# Pee from fresh lemon juice...



## Sirthomas42 (Apr 12, 2012)

It may have already been covered, but my (admittedly quick) search didn't turn anything up. Has anyone make Skeeter Pee from fresh squeezed lemon juice?

The wife and I juiced a bunch of fresh-from-a-backyard-tree-from-California lemons this afternoon. We have a little over half a gallon of juice, and all the zest from the lemons, just in case. 

A normal Pee batch uses 96oz of lemon juice... we have a little over 64, but we could add in some of the zest to extract more lemon flavor. Any thoughts or advice from master Pee makers?


----------



## Arne (Apr 13, 2012)

Sounds like a great plan. You can make a smaller batch as it will probably be a little weak on a 5 gal. one. or you can add a bottle of real lemon with it. I would start it out with a pint or so of the lemon juice in it and add the rest slowly as the ferment is going on. Should make a great summer drink for you. Arne.


----------



## olusteebus (Apr 13, 2012)

the problem you have is that you are using California lemons. You should have used *Florida* lemons. You should be able to buy them at a store. J/K

I think Realemon does not taste as good as fresh lemon. Don't know if it would affect the taste of the pee. Let me know.

Buster
Lemon Farmer from Florida (two trees)


----------



## shoebiedoo (Apr 13, 2012)

olusteebus said:


> I think Realemon does not taste as good as fresh lemon. Don't know if it would affect the taste of the pee. Let me know.
> 
> Buster
> Lemon Farmer from Florida (two trees)



Not as much as Asparagus  sorry, I couldn't let that one go


----------



## femki (Apr 16, 2012)

I saw a post from Lon about this in another thread that people sometimes have a harder time getting the ferment going with natural juice. He noted something about the possibility of higher acidity from fresh lemons.

*http://www.homebrewtalk.com/f25/skeeter-pee-slurry-question-230884/*


----------



## Sirthomas42 (Jun 20, 2012)

Well, a few months in, the Pee fermented dry no problem.
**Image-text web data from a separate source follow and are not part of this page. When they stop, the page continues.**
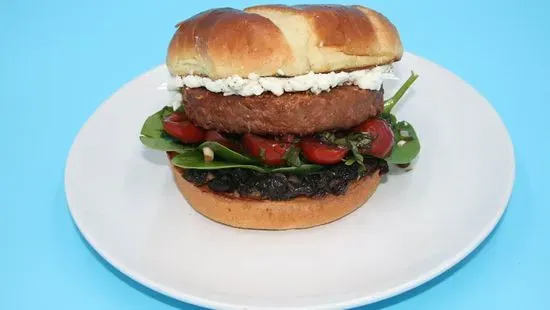 Beyond the Garden Burger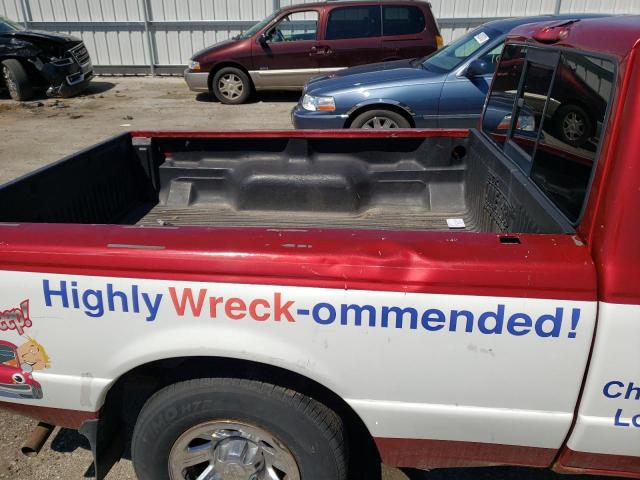 Photo 6 from auction – 2003 FORD RANGER SUP with VIN 1FTYR44EX3PB48576
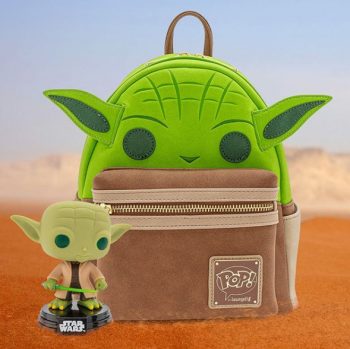 These Chic 'Star Wars' Loungefly Bags Are Bringing Us A New Hope! | the ...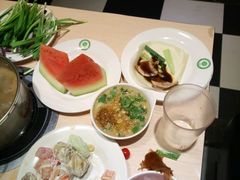 -比尔斯健康烤肉自助餐厅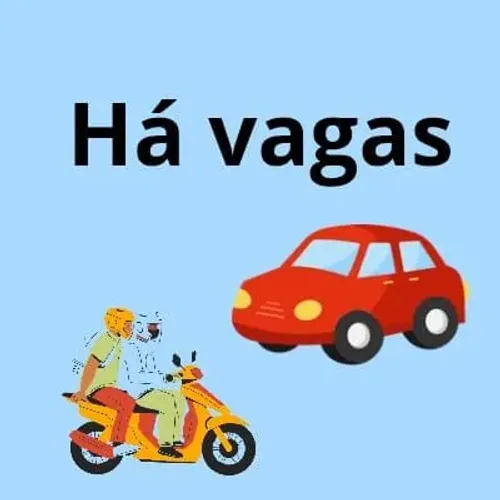 Precisamos de motoristas e motoboy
We racked it over a few teaspoons of the zest to add a little extra lemon flavor since we were short on juice. We started the OG a bit higher than usual, we wanted it to finish out around 11%. Since the ingredients are precious (coming from my brothers backyard 1000 miles away) we're looking to store it longer than we would a regular Pee. 
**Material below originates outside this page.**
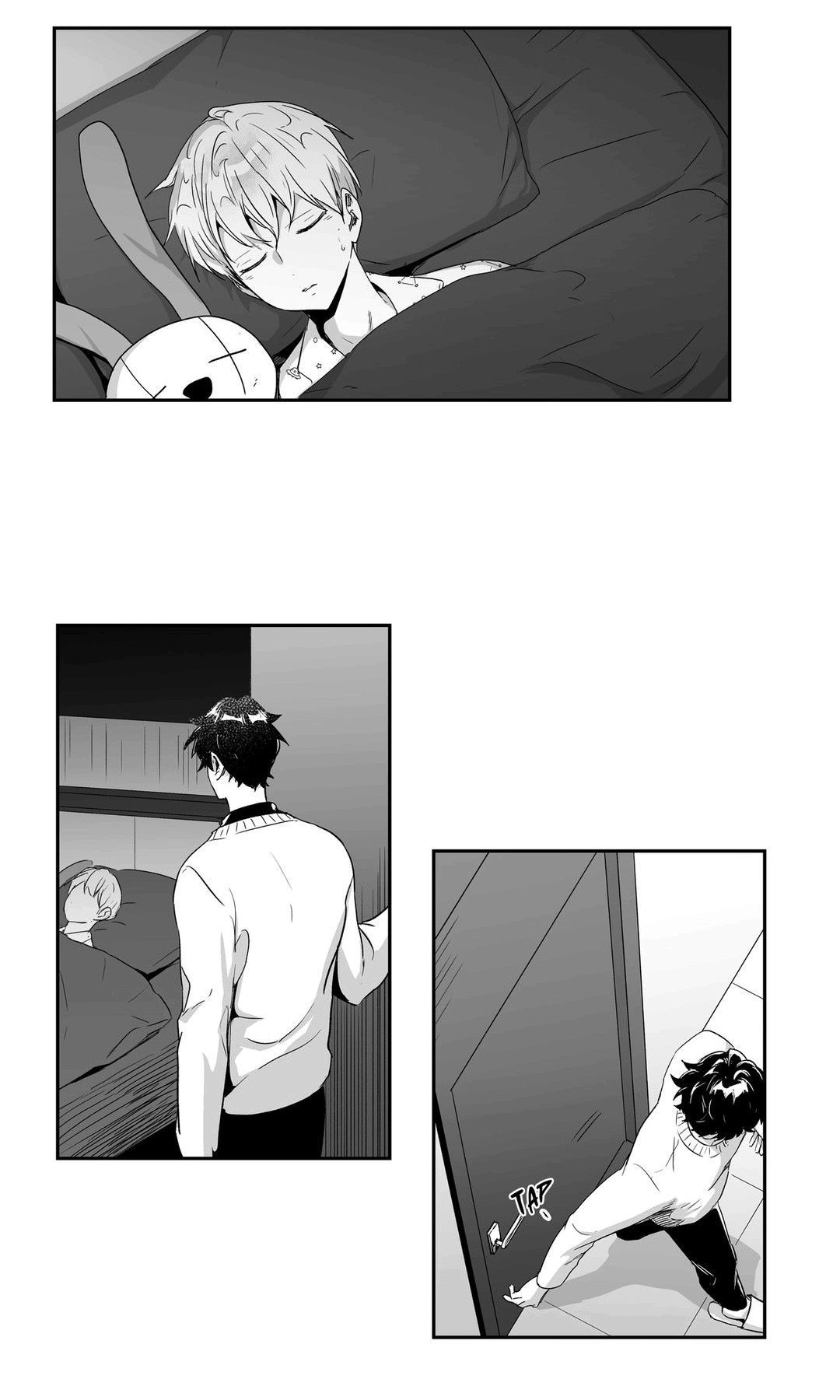 Love Is An Illusion Capitulo 29 - pagina 32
It's still cloudy as heck so we're adding the Sparkolloid tonight when we rack it and add the sorbate. Another month or two and we'll sweeten/bottle it I think. Can't wait!


----------



## Arne (Jun 21, 2012)

Let us know how long the sprkaloid takes to clear it. Arne.


----------



## SmallTown (Jun 22, 2012)

Mine cleared in three days...


----------